2021-10-25, 08:10 | aktualizacja 2021-10-25, 16:10
Temperatury są coraz niższe, w nocy spadają nawet poniżej zera, ranki również są rześkie. Kiedy wielbiciele wysokich temperatur i słońca trzęsą się z zimna i narzekają, amatorzy morsowania są zachwyceni: nadszedł ich czas!
W niedzielę, 24 października, zielonogórskie morsy oficjalnie rozpoczęły sezon. Na Dzikiej Ochli zebrała się całkiem spora grupka wielbicieli kąpieli w zimnej wodzie. Najmłodszy uczestnik miał pięć lat, a najstarszy – ponad 70. Oczywiście, było również wspólne selfie...
Posłuchaj
– Rozgrzewka to klucz do sukcesu podczas morsowania. Bo ludzki organizm można przyrównać do ugotowanego jajka. Po obraniu ze skorupki, zanim je zjemy, musimy trochę odczekać, bo byśmy się poparzyli – tłumaczy Grzegorz Blaut z zielonogórskich "Lodołamaczy". – I w tej sytuacji jest podobnie. Przed morsowaniem trzeba doprowadzić swoje ciało, czyli jajko, do takiej temperatury wewnątrz, aby była pewność, że kiedy zdejmiemy skorupkę, czyli ubranie, to w mięśniach głębokich jest jeszcze tyle energii, że spokojnie można wejść do wody – wyjaśnia.

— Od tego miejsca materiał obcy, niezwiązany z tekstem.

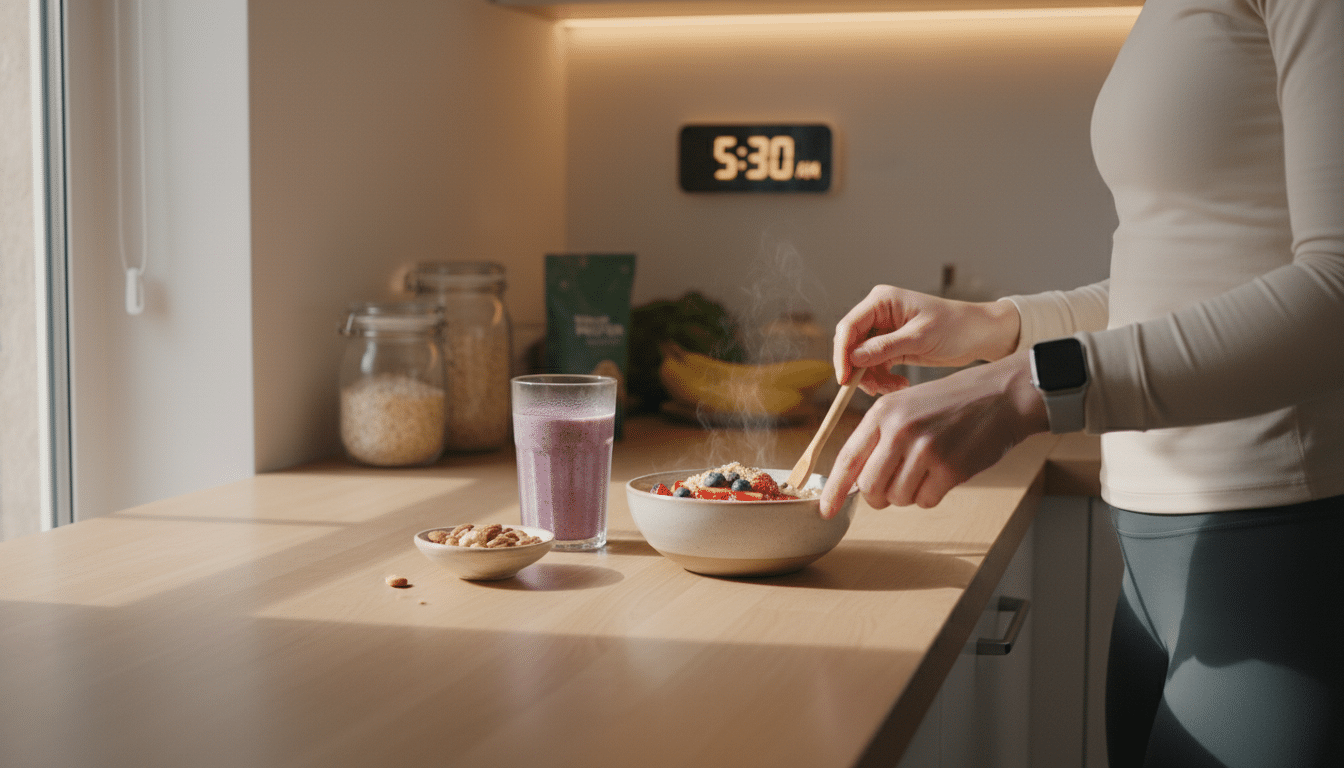 A warm, inviting kitchen scene featuring a well-lit countertop with a variety of pre-workout meal options, such as a bowl of oatmeal topped with fruits, a smoothie in a glass, and a small dish of nuts. In the foreground, a person is stirring the oatmeal with a wooden spoon, dressed in modest, casual athletic wear. The middle ground includes a digital clock on the wall, set to a time reflecting pre-workout timing, creating a sense of urgency. The background is softly blurred, showcasing nutritious ingredients like bananas, protein powder, and vegetables, with natural daylight streaming in from a nearby window. The atmosphere feels energizing yet relaxed, emphasizing the importance of meal timing before training. A warm, inviting kitchen scene featuring a well-lit countertop with a variety of pre-workout meal options, such as a bowl of oatmeal topped with fruits, a smoothie in a glass, and a small dish of nuts. In the foreground, a person is stirring the oatmeal with a wooden spoon, dressed in modest, casual athletic wear. The middle ground includes a digital clock on the wall, set to a time reflecting pre-workout timing, creating a sense of urgency. The background is softly blurred, showcasing nutritious ingredients like bananas, protein powder, and vegetables, with natural daylight streaming in from a nearby window. The atmosphere feels energizing yet relaxed, emphasizing the importance of meal timing before training.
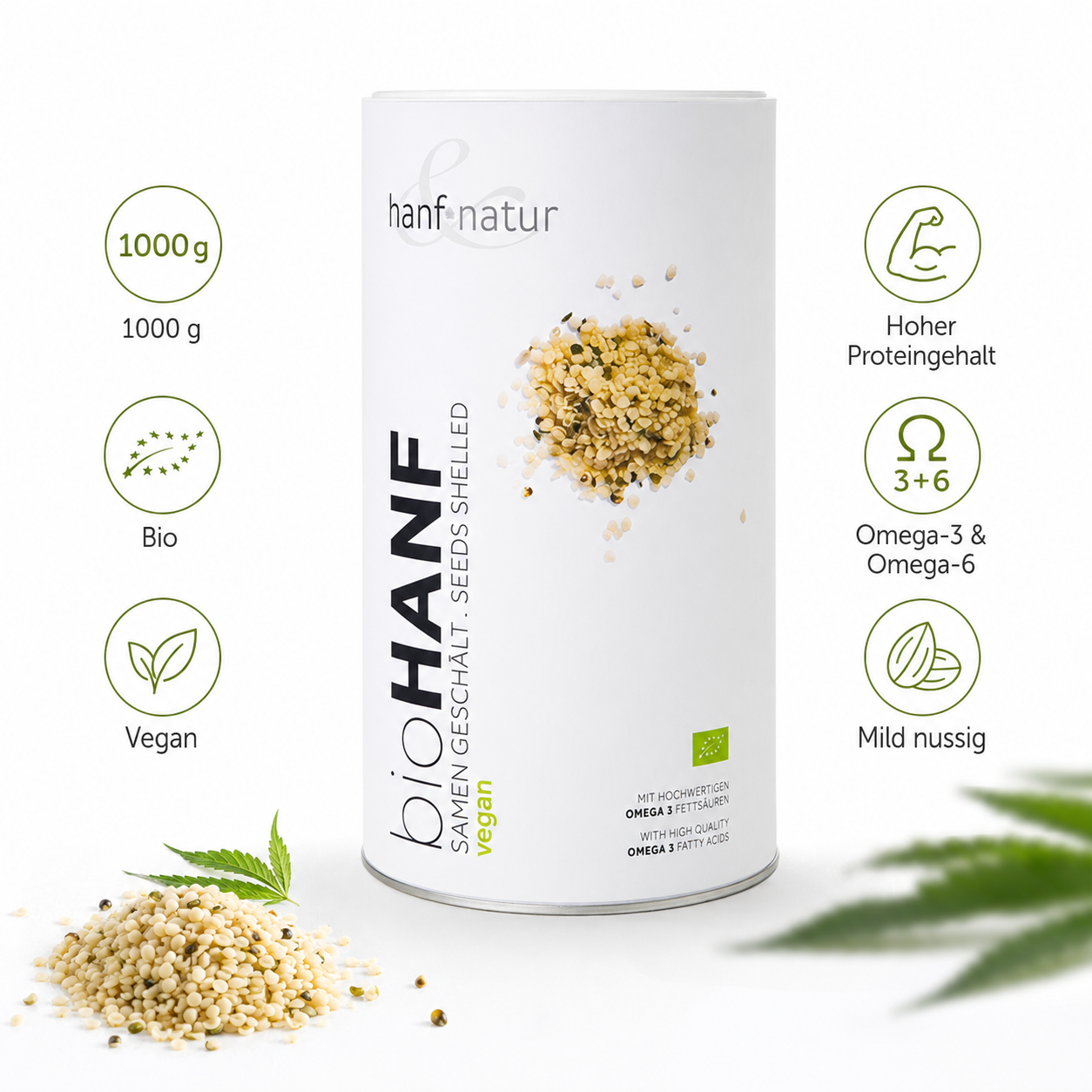 Bio Hanfsamen geschält von hanf & natur mit 1000 g Inhalt, vegan, proteinreich und mild-nussig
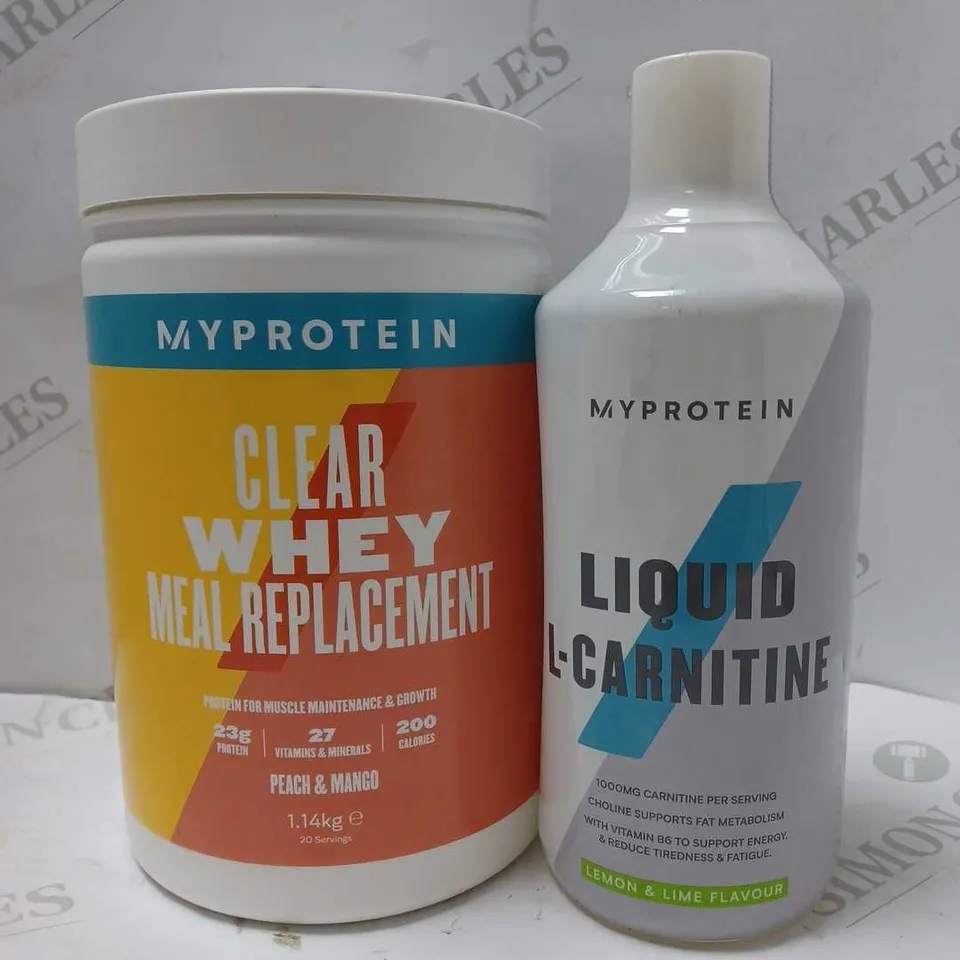 LOT OF 2 MYPROTEIN PRODUCTS TO INCLUDE CLEAR WHEY MEAL REPLACEMENT 1.14KG & LIQUID L-CARNITINE LEMON/LIME FLAVOUR 1L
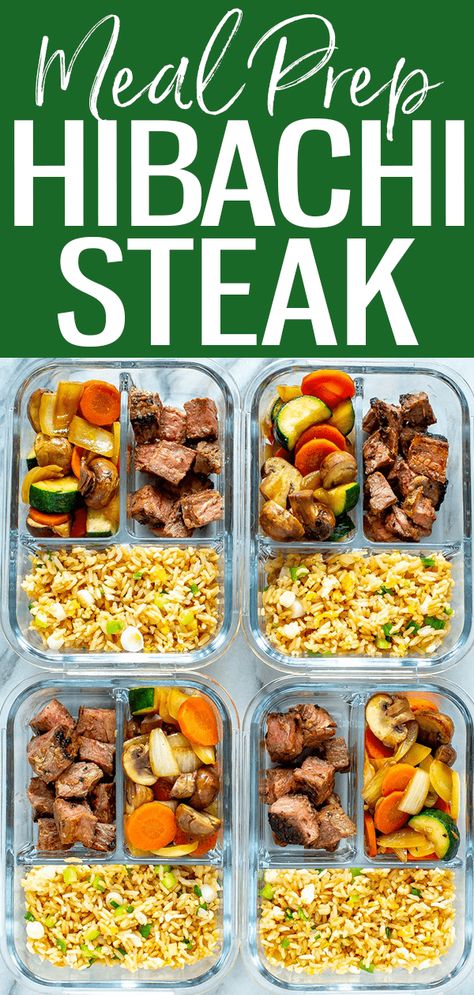 Hibachi Lunch Meal Prep, High Protein Hibachi, Steak Prep Meals, Flat Top Meal Prep, Steak Bowls Healthy Meal Prep, Meal Prep For The Week Steak, Lazy Girl Hibachi Bowls, Steak Dinner Meal Prep, Steak Tips Meal Prep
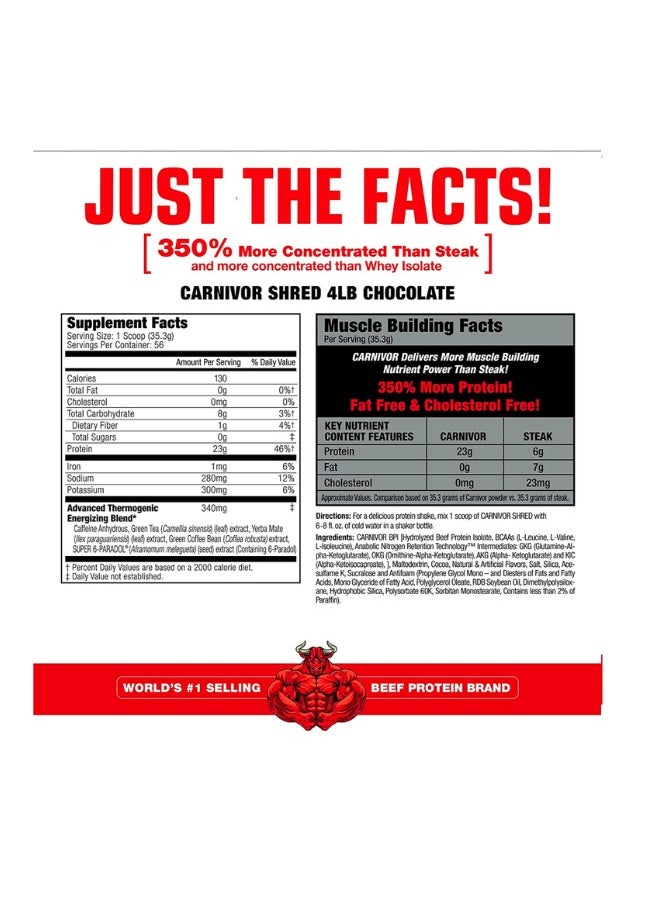 MUSCLEMEDS Carnivore Shred Fat Burning Beef Protein Isolate Chocolate Flavor 56 Servings  - Image 3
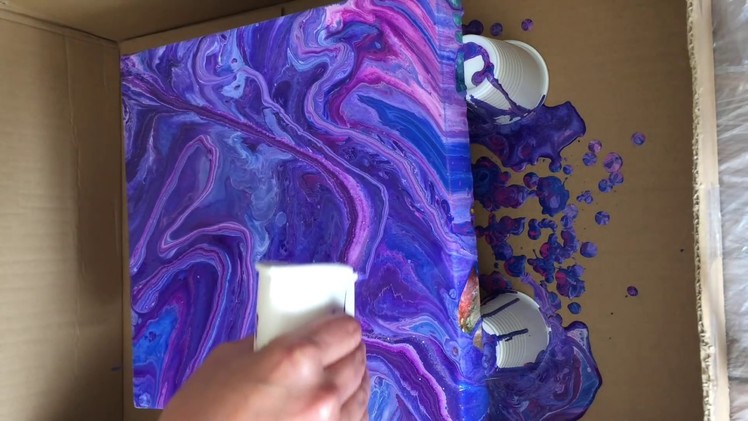 Fluid Pour - How to create Cells & Ribboning - Only Acrylic and Water - Luna Creations asmr visual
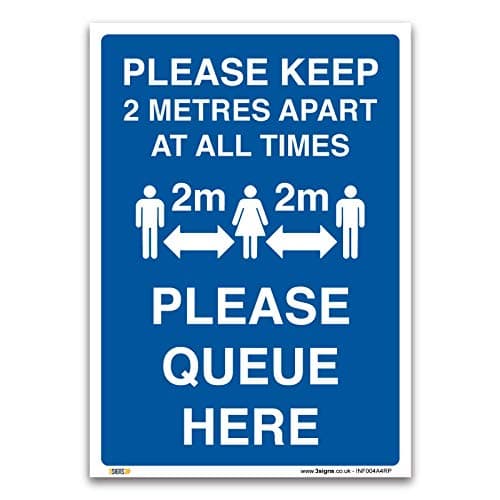 Image of Social distancing Please Queue Here Sign, A4 1mm Rigid Plastic, Mandatory Virus Protection Safety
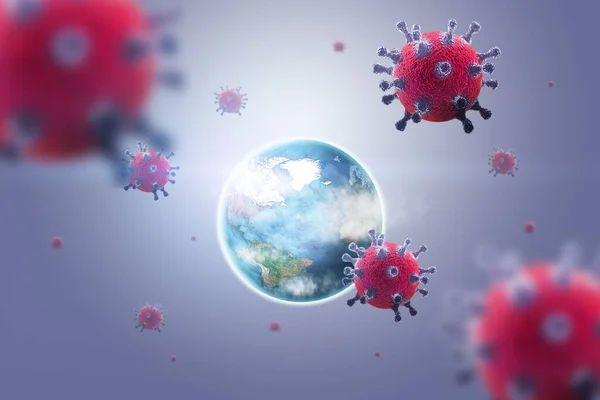 Particles of Coronavirus against the background of the Earth. The concept of quarantine, pandemic, vaccine, crisis. 3D rendering, 3D illustration, copy space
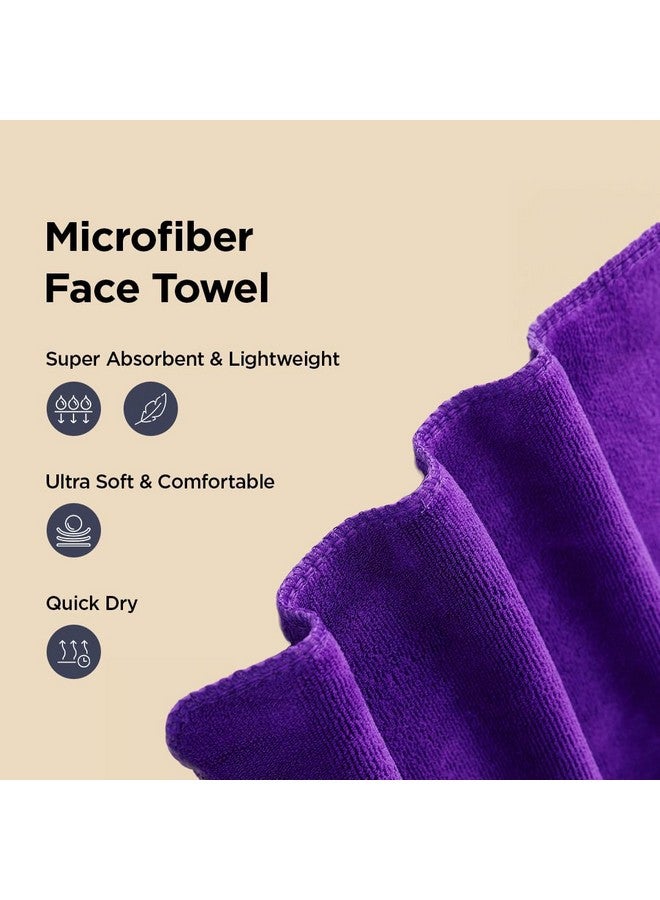 Face Towel | Microfiber Hand Towel | Antibacterial Face Towel | Hair & Face Towel For Man | 400 Gsm Towel | Shxs40602 | Pack Of 2 | Purple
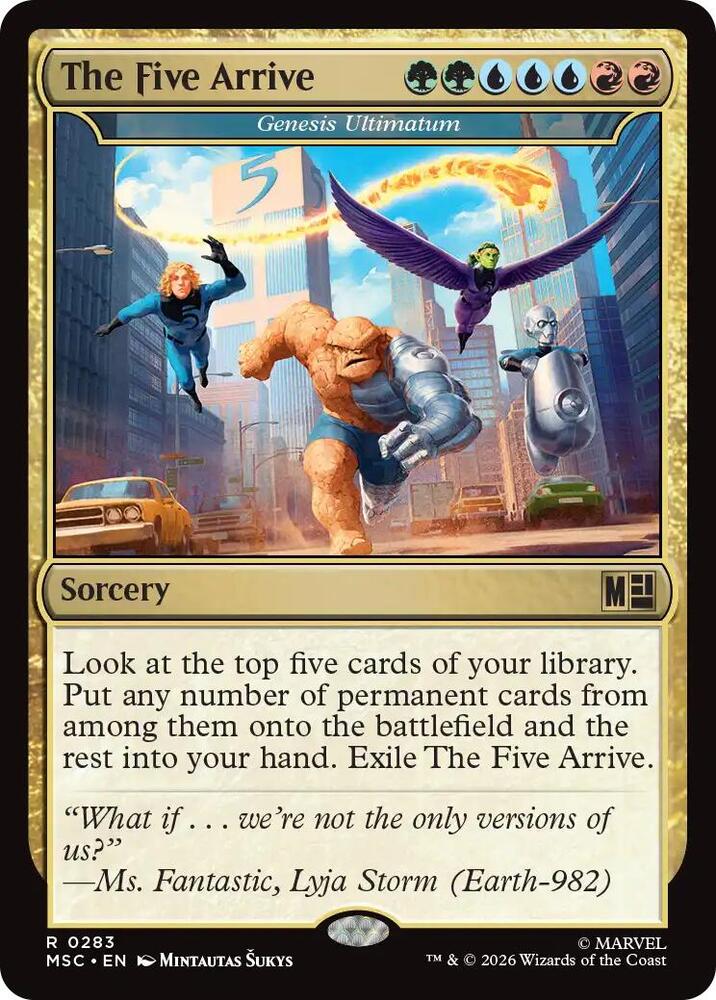 The Five Arrive // Genesis Ultimatum 283 (Commander: Marvel Super Heroes)  - Surge Foil | Good Games Morley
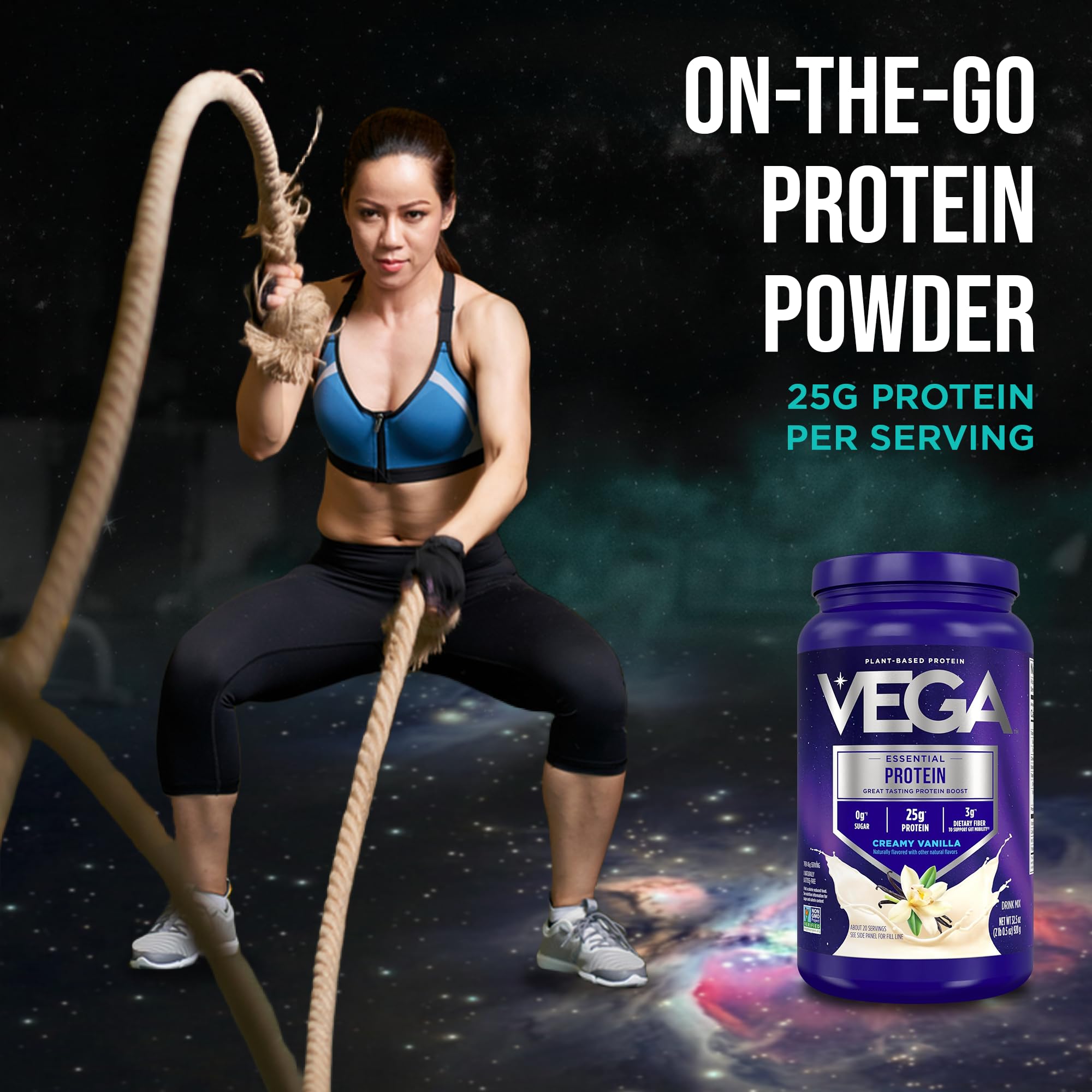 Vega Essential Protein – 25g Plant Based Protein Powder, Creamy Vanilla, Vegan for a Dairy-Free Vanilla Shake – Large Tub, 32.5oz (20 Servings)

Co ciekawe, wśród osób, które przyszły rozpocząć sezon, jest wielu... zmarzluchów. – Człowiek chodzi w grubych kurtkach, swetrach i najgorsze to jest się rozebrać na tym zimnie. Ale potem jest bieg, rozgrzewka, robi się ciepło. I jest adrenalina, jak się wchodzi do wody – opowiada jedna z morsujących. – Samo wchodzenie przez chwilę nie jest przyjemne. Ale potem jest naprawdę fajnie: power, większa energia – potwierdza jeden z morsów.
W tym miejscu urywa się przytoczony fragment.